K. Speaking of Trump’s ignorance of the sacrifices of veterans, Trump recently received a Purple Heart as a gift from one of his supporters before a rally in Ashburn, Virginia. Trump then got on stage and told the crowd, “I always wanted to get the Purple Heart. This was much easier.” His comment seems to imply that, while Trump wanted to serve in the military and be awarded a Purple Heart, it was simply easier for him to take one as a gift from someone else. Of course, nobody really wants to (or shouldn’t want to) earn a Purple Heart, as it is only awarded to those service members who are wounded or killed in action. It sparked outcry once again from veterans groups and families of soldiers, including Khizr Khan, whose son was awarded the Purple Heart, who told Trump to “put the Purple Heart back.” Illinois Congresswoman and Purple Heart awardee Tammy Duckworth blasted Donald Trump for accepting the award with such arrogance by tweeting a photo of herself after her double leg amputation following injuries when her helicopter was shot down while serving in Iraq.
II. Complete and total lack of understanding of foreign policy, with proposals that would deeply threaten international and national security
A. Trump doesn’t know what the nuclear triad is.
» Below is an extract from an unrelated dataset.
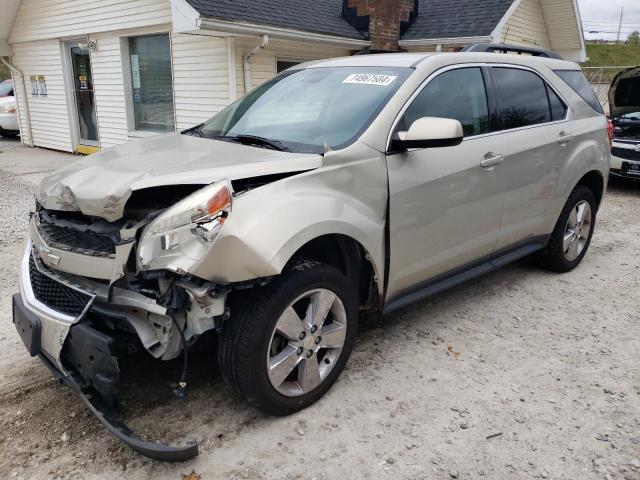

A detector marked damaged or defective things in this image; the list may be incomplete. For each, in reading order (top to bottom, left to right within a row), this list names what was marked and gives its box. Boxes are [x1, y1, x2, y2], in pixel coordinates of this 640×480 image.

crushed hood [608, 65, 640, 119]
crushed hood [37, 134, 322, 222]
broken headlight [146, 178, 234, 249]
crumpled front bumper [13, 240, 199, 462]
This, of course, is the three delivery methods for a nuclear weapon — dropped by strategic bomber, launched by a nuclear submarine, or launched by land as an ICBM. I learned this is middle school, but Trump had no idea what it was, and yet, he would be in charge of it come January.
B. Says the Orlando shooter “was from Afghan”. Afghan is not a country (Afghanistan is) and the shooter was born in New York and raised in Florida. Trump corrected himself on calling the country the wrong name, but went on to blame his parents who immigrated to the United States and have never committed any crimes. His argument isn’t necessarily untrue. Had Trump’s ban on muslim immigrants been in place, the shooter’s parents never would have made it to the U.S. and he would never have been born here. But if the possible future crimes of immigrants’ children became a litmus test for citizenship, would any of us be here? This is pure fear mongering. Are we really to block people from immigrating for what their children, if they even have any or will have any, may or may not do in the future?
C. Advocates for and “loves waterboarding”, which is almost universally described as torture and condemned by the United Nations, of which the United States is a visible and influential permanent member of the Security Council, and a violation of Article III of the Geneva Conventions, to which the United States is legally bound to follow. He also wants to implement “much worse than waterboarding” for enemies, even if it doesn’t garner any useful information. That’s right, torture for torure’s sake. Trump sticks to his claim that “only a stupid person would say [torture] doesn’t work”, even though the CIA concluded that their “enhanced interrogation” (read: torture) program was not effective. Torture not only violates international law that the U.S. has agreed to, but destroys any moral standing our country has and perverts American values, while serving as a potent recruitment tool for terrorist organizations.
D. Advocates the killing of terrorists’ families, including children. Later in his campaign, Trump lied about having proposed such an idea, saying that he never said “kill”. When asked what he then meant when he originally said that the U.S. needed to “take out” families who, by the way, “don’t care for their lives”, Trump gave an answer characteristic of his fifth-grade understanding of foreign policy: “We have to do something and it’s the only way you stop it.” Again, this is another asinine suggestion by Trump that would violate international law and account to the murder of those not actually engaged in war against the United States, an obvious war crime. That should be a red flag to you. A presidential candidate has openly proposed committing war crimes. It also serves as another example of why Donald Trump has been used to help ISIS recruit more fighters. Retired Marine General John Allen has stated that the election of Trump as commander in chief could spark a “civil military crisis”, as Trump would order soldiers to commit illegal acts, and his military strategy of “carpet bombing” (not employed since WWII) would knowingly result in the killing of tens of thousands of innocent people.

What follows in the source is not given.